Verified Carbon Standard

Verra
Formation2005
TypeNonprofit 501(c)(3)
PurposeA carbon accounting standard and organisation.
HeadquartersWashington, D.C.
CEO
Mandy Rambharos
Websitehttps://verra.org/

The Verified Carbon Standard (VCS), formerly the Voluntary Carbon Standard, is a standard for certifying carbon credits to offset emissions. VCS is administered by Verra, a 501(c)(3) organization. Verra is a certifier of voluntary carbon offsets. As of 2024, more than 2,300 projects were registered under the Verified Carbon Standard (VCS), spanning various sectors such as AFOLU (Agriculture, Forestry, and Other Land Use), energy, transport, waste, manufacturing industries, and others. These projects have collectively issued over 1.3 billion credits, with more than 776 million credits retired to date.

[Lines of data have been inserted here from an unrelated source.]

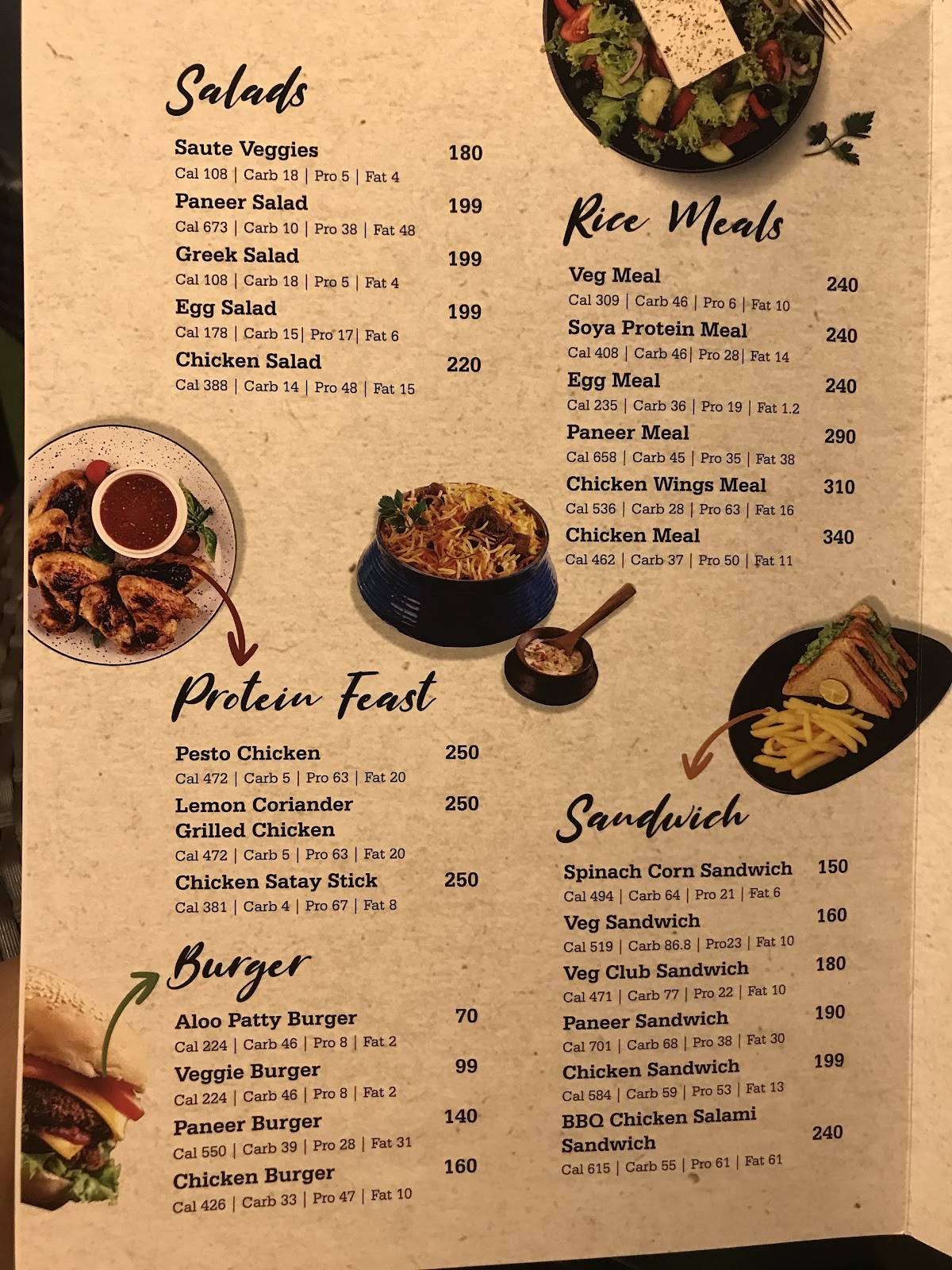 Diet Generation menu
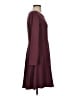 Toad & Co Solid Burgundy Casual Dress Size S - photo 4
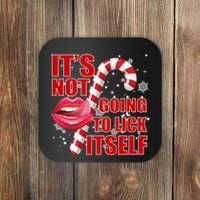 It's Not Going To Lick Itself Funny X-Mas Coaster thumb 0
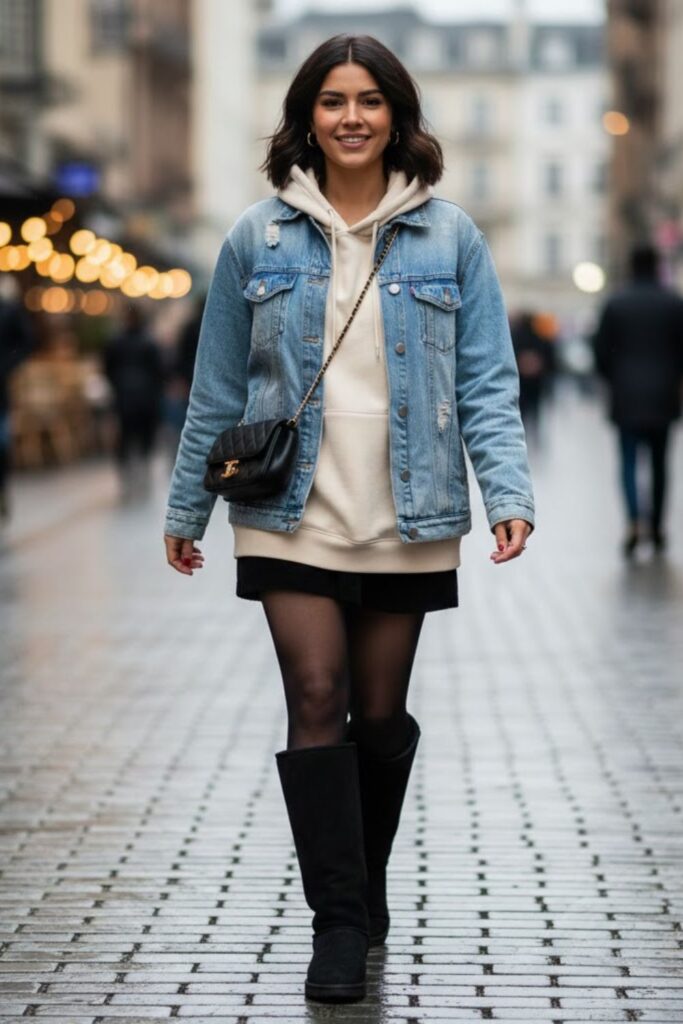 14. Hoodie and Mini Skirt Combo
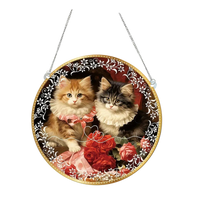 Cute Modern Style Animal Cat Arylic Pendant Artificial Decorations sku image 4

There are also specific methodologies for REDD+ projects. Verra is a program of choice for most of the forest credits in the voluntary market, and almost all REDD+ projects.

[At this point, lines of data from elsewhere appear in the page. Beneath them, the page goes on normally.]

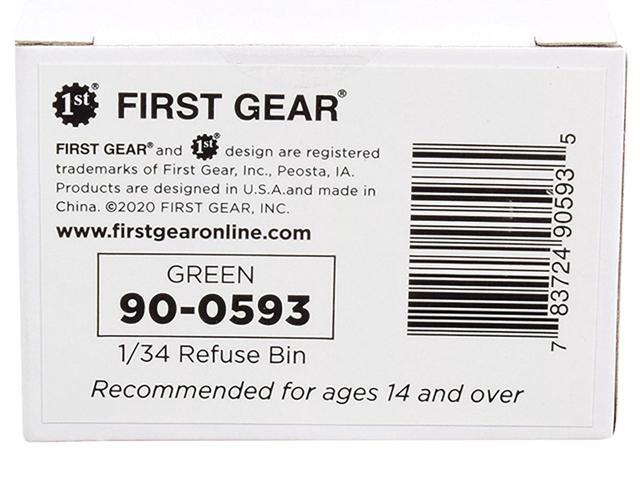 Refuse Trash Bin Green 1/34 Diecast Model by First Gear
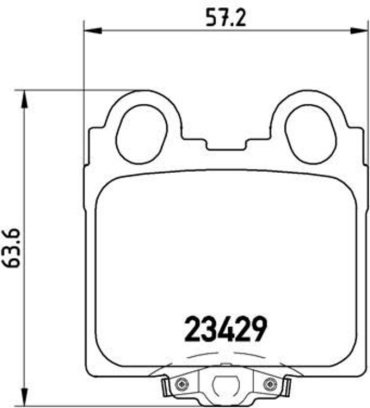 Колодки AKIKA задние AP-82 4 шт купить,NaN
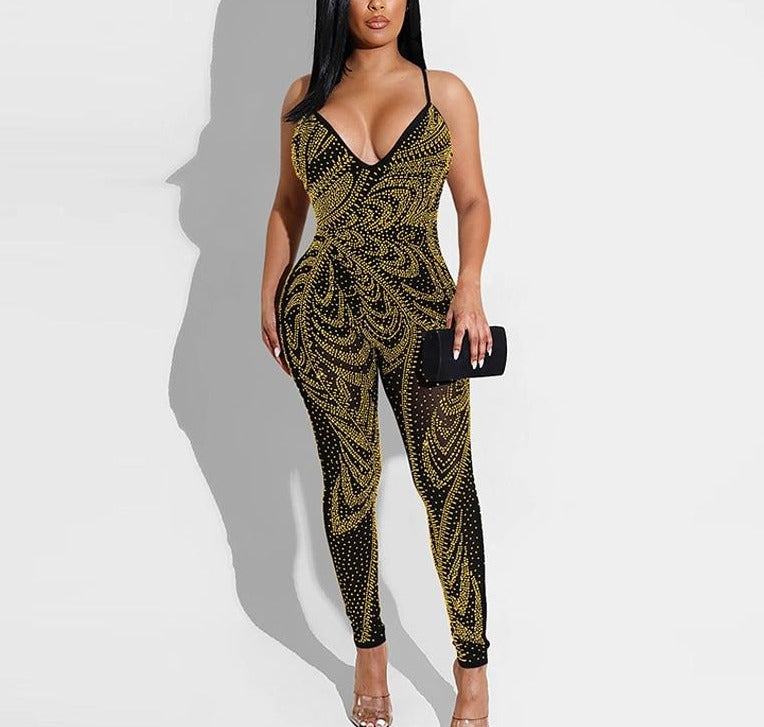 Slay With Me Sequin Jumpsuit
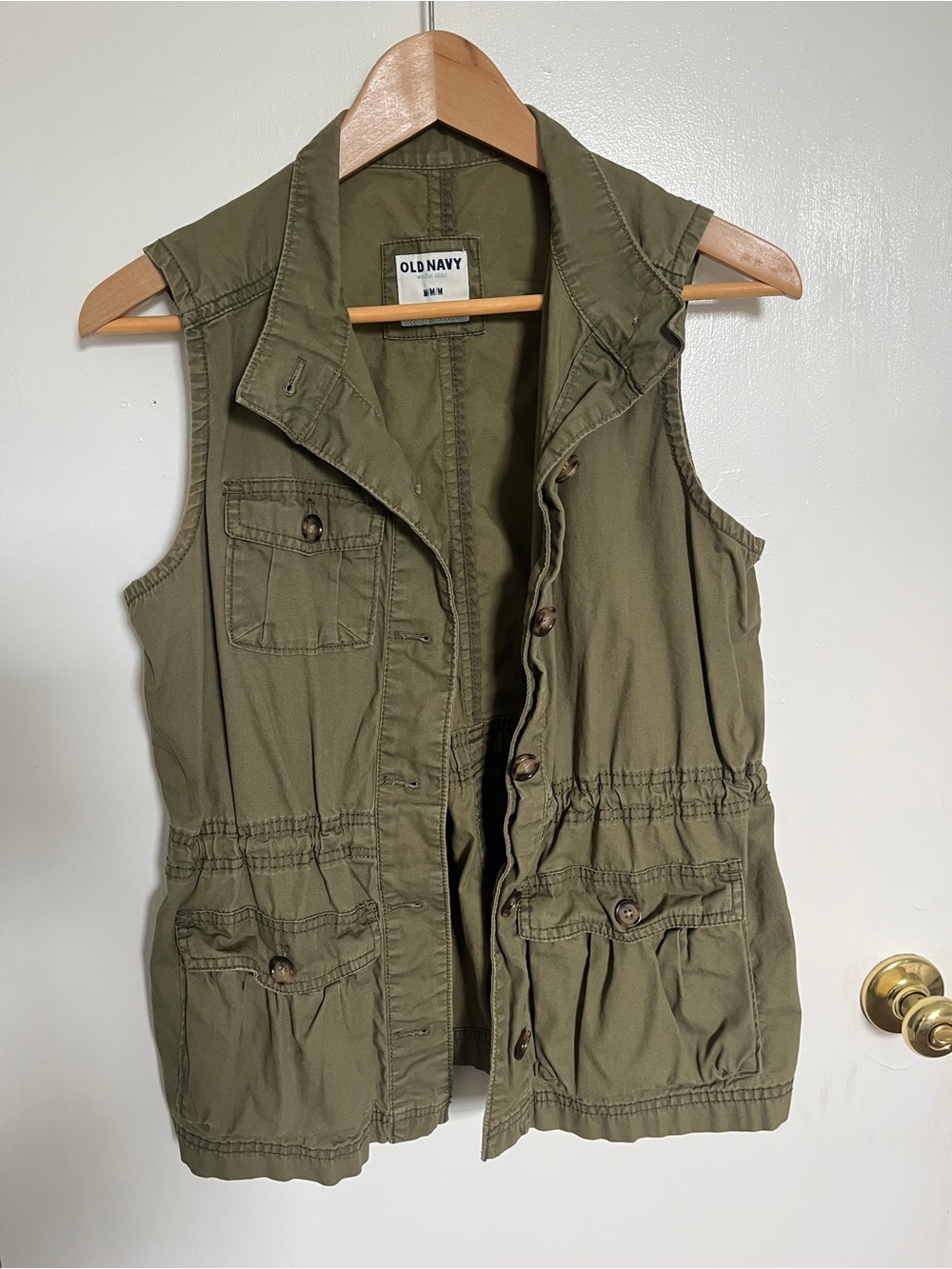 Old Navy Women’s Olive Utility Field Vest - Military Green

Verra was developed in 2005 when the company Climate Wedge and its partner Cheyne Capital designed and drafted the first version (version 1.0) of the Voluntary Carbon Standard. This standard was intended as a quality standard for transacting and developing "non-Kyoto" Protocol carbon credits. Climate Wedge was at the time active as a carbon markets investment advisory firm.

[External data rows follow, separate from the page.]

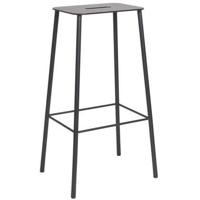 Frama Adam Mono barkruk buiten H76 zwart - thumbnail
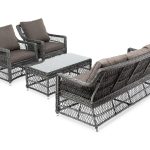 "Гранд Латте" лаунж-зона из искусственного ротанга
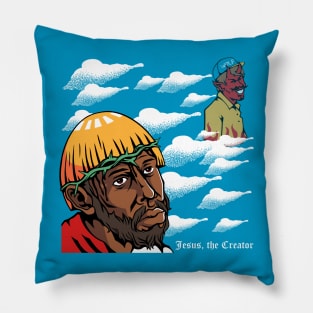 Jesus, the Creator Pillow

There are controversies around this standard and how it is implemented. In 2023, an investigation by The Guardian, Die Zeit, and SourceMaterial (a non-profit investigative journalism outlet) found that about 94% of the rainforest carbon offsets certified by Verra are worthless. The investigation even found that the standard may in fact worsen climate change: "Investigation into Verra carbon standard finds most are ‘phantom credits’ and may worsen global heating". In May 2023, following months of criticism towards Verra in its handling of carbon-offsetting, CEO David Antonioli resigned.

In June 2024, three carbon credit projects were suspended in the Brazilian Amazon after the police raids targeting Verra certified projects linked to a land-grabbing and illegal logging scam.